I'm installing my backup camera as well today. Haven't measured the backup lights voltage but I'm sure it'll probably be 12 as well. If I may ask.. where are the wires you tapped into ? In the trunk.. maybe on the left side of the car somewhere ? Or did go IN the lid ?


----------



## b6driver (Jun 1, 2006)

NRGCC said:


> I'm installing my backup camera as well today. Haven't measured the backup lights voltage but I'm sure it'll probably be 12 as well. If I may ask.. where are the wires you tapped into ? In the trunk.. maybe on the left side of the car somewhere ? Or did go IN the lid ?
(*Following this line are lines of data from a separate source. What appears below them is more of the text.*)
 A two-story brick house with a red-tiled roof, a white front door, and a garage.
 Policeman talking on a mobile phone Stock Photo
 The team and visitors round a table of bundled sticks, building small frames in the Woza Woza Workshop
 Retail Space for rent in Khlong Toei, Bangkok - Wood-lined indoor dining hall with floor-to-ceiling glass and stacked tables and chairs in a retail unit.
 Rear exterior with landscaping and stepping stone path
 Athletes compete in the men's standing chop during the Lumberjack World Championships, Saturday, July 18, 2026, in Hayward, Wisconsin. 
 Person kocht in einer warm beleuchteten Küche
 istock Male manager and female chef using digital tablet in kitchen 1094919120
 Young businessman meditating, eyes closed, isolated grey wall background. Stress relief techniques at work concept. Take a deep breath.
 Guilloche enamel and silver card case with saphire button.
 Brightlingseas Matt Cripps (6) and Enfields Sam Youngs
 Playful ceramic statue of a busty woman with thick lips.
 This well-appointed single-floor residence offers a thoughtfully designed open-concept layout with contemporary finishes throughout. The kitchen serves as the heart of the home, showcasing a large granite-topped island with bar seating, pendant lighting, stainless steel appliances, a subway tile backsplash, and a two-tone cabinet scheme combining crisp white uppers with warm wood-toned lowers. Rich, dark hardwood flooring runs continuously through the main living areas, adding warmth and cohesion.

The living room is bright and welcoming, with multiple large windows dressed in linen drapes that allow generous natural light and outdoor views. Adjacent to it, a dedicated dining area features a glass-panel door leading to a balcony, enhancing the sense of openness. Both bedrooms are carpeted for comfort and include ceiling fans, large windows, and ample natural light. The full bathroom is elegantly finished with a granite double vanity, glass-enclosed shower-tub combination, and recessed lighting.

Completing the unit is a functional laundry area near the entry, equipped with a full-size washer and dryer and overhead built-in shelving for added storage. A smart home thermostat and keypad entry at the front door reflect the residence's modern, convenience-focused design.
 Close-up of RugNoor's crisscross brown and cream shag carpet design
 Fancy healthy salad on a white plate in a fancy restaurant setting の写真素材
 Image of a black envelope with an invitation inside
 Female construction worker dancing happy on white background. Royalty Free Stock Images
 I tapped mine to the 12v socket on the passenger side of the trunk


----------



## NRGCC (Apr 9, 2013)

b6driver said:


> I tapped mine to the 12v socket on the passenger side of the trunk


 Won't that power on the camera all the time ?


----------



## b6driver (Jun 1, 2006)

NRGCC said:


> Won't that power on the camera all the time ?


 when the car is on, yes. I figured that it had no moving parts, just basically a light sensor, and is cheap (ebay); so I'm not worried about the wear on the camera. The way I had it wired, I can do a replacement in less than 2 minutes if I have to. 

The problem I had with tapping into the reverse light is that when the car is not started, there is 12 plus volts on the line, but for some reason once the engine is running, there is not enough voltage for the camera to run as described by the issue in this thread. 

The 'correct' way to fix this is to run a relay from the 12v to the camera and use the reverse light as the trigger. 


edit: just to be clear, I have a license plate light camera, not the 'logo' cam


----------



## NRGCC (Apr 9, 2013)

So I ran my camera too today. Of course, I ran into the same problem as you. The way I solved it, for now, is to run a relay on the backup light line. Problem is. the relay turns on/off very quickly because of the pulsed output of the CECM (J519?) module. Solved THAT, by adding a 470uF capacitor in parallel with the relay's coil. But, I'm solving it the right way as soon as my "hid anti flicker" module comes in from Ebay. It's basically a FET transistor, a couple of resistors and a small capacitor that drive the relay for you. Seems more safe to me and for 6.99 it was worth not building my own. 

Anyway, I tapped into pin 1 of the B connector on the J519 module under the driver's side dash. Very easy to get to that connector, once you take the plastic panel under the dash off. Pin 1 is what goes to one of the backup lights, so it saves from having to run a line all the way from the back of the car to the front under the dash, where I have all the of the wiring of my rearview mirror monitor setup + front camera and now.. rear camera. It's sweet


----------